De fato, segundo sua pesquisa, somente um de cada 10 confia em seu Governo.
“Os tempos estão mudando”, cantava Bob Dylan. Muitos agora talvez não conheçam o senhor que compôs essa letra nem se interessem tanto pela música e seus constantes festivais como veículo social ou como referência estética. O interesse pelas drogas e sua relação com o ócio se reduzirá também, de acordo com todos os indicadores. Na Espanha, se encontra em bases mínimas desde 2005, segundo a última pesquisa do Plano Nacional Sobre Drogas.
O tempo livre está cada vez mais direcionado para as vocações profissionais (blogs, desenho de moda, fotografia…) e as comunidades se formam em torno disso. A escritora Luna Miguel destaca esse modo de trabalhar em rede, apesar de alertar para o fato de ser cedo para analisar uma geração que ainda compartilha muitos códigos com a anterior. “São figuras importantes, mas ajudam os demais e criam comunidade. A solidariedade será um valor importante. Não querem mais ser o artista jovem e incomum. Até os ‘nativos da Internet’ soam como algo velho, é uma questão quase genética. Um exemplo seria Tavi Gevinson, que desde os 13 anos tem um dos blogs mais importantes do mundo”, afirma, referindo-se à multifacetada e influente blogueira e editora norte-americana, nascida em 1996, um dos ícones da geração Z.
A tendência também se estende à educação e aos novos canais de acesso. Para Anne Boysen, consultora em estratégia e especialista em questões geracionais da empresa After the Millennials, grande parte da aprendizagem se dá fora da sala de aula.
“Essa geração usa o YouTube de forma periódica para sua lição de casa, o que indica que quer um maior grau de personalização na educação. Se não gostam do enfoque de seu professor, ou não o entendem, buscarão alguém online que o explique melhor”, afirma.
Em sintonia com os tempos de mudança, a consciência social e as atividades de voluntariado ganham espaço. Segundo a última pesquisa da Millennial Branding (com jovens dos EUA), 76% gostariam de participar de algum tipo de ONG, e também 76% estão preocupados com questões climáticas.

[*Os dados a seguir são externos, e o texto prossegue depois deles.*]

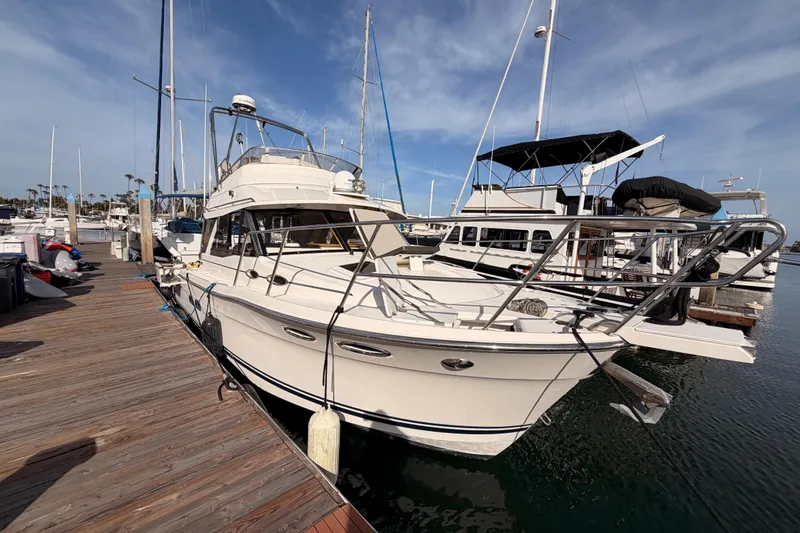 Slide: The Image of 2021 Cutwater C-32 CB boat docked at marina with twin Yamaha engines. - 3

“Exigem a igualdade entre pessoas de raça e sexo diferentes. Querem mudar o mundo apoiando suas comunidades locais”, argumenta Dan Schawbel, fundador doWorkplaceTrends.com e autor do best-seller Me 2.0: Build a Powerful Brand To Achieve Career Success (Eu 2.0: Construa uma Poderosa Marca para Alcançar o Sucesso na Carreira, em tradução livre).
A empatia com os partidos tradicionais se esvai. Na Espanha o CIS revelava em janeiro como o PP passou de ter 30,2% de apoio dos jovens para uma estimativa de 4,3% nas eleições gerais.

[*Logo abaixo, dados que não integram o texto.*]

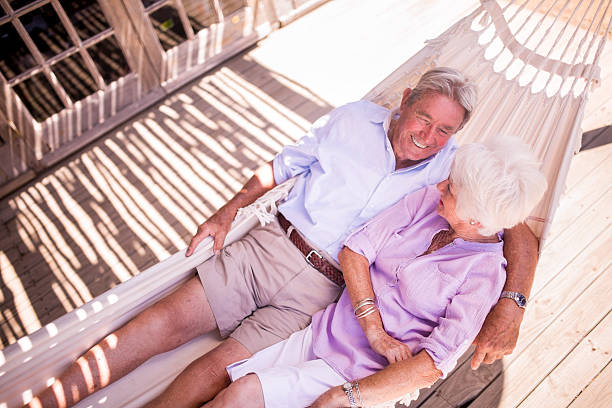 istock Retired senior couple relaxing and laughing together 471587754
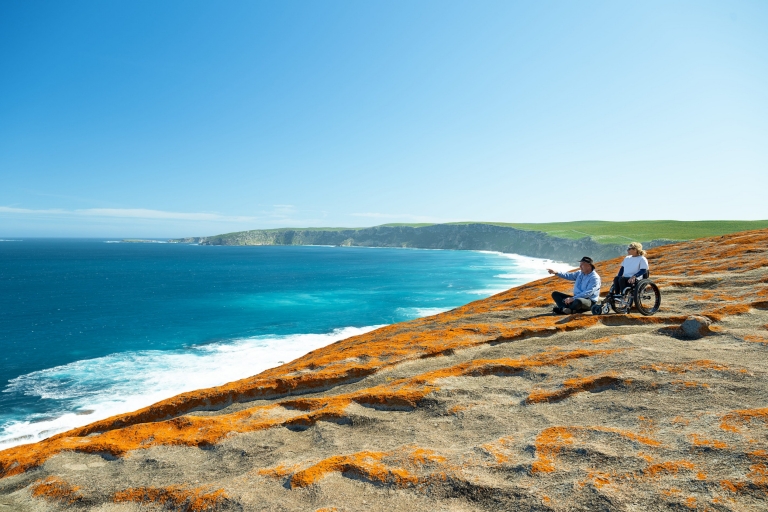 Seorang wanita di kursi roda dengan pemandu wisata yang menunjuk ke arah samudra biru Kangaroo Island, South Australia © Tourism Australia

Anne Boysen: “Essa geração será mais cautelosa e realista, e também mais cética em relação às grandes empresas”
O espírito crítico renasce. O mal-estar cresce e é substituído por abordagens práticas e concretas. Somente 6% têm medo do futuro, segundo o último Cassandra Report. Mas aumenta a desconfiança em relação às grandes corporações. Dois terços dos jovens que aparecem na maioria das pesquisas querem fundar sua empresa. Para Anne Boysen, essa geração será mais cautelosa e realista, e também mais cética em relação às grandes empresas.
“Isso tem a ver com o fato de ter crescido em um ambiente de pós-recessão. Buscarão trabalhos que façam sentido e que os ajudem a mudar o mundo”, afirma.
Na sensação de degradação do mundo a privacidade emerge como uma das preocupações decorrentes dos excessos do Big Data e de pais obcecados em gravar e fotografar os filhos e postar as imagens nas redes sociais. Um dos aplicativos preferidos nesse segmento da população é o Snapchat, mediante o qual se pode mandar fotos e vídeos programados para se destruírem após segundos. Em tempos de WikiLeaks e da espionagem maciça da NSA, os novos heróis já não são as estrelas da música, mas personagens como Edward Snowden ou emergentes símbolos da justiça e da transparência. O mundo, tal qual deixaram seus antecessores, não lhes parece um lugar habitável.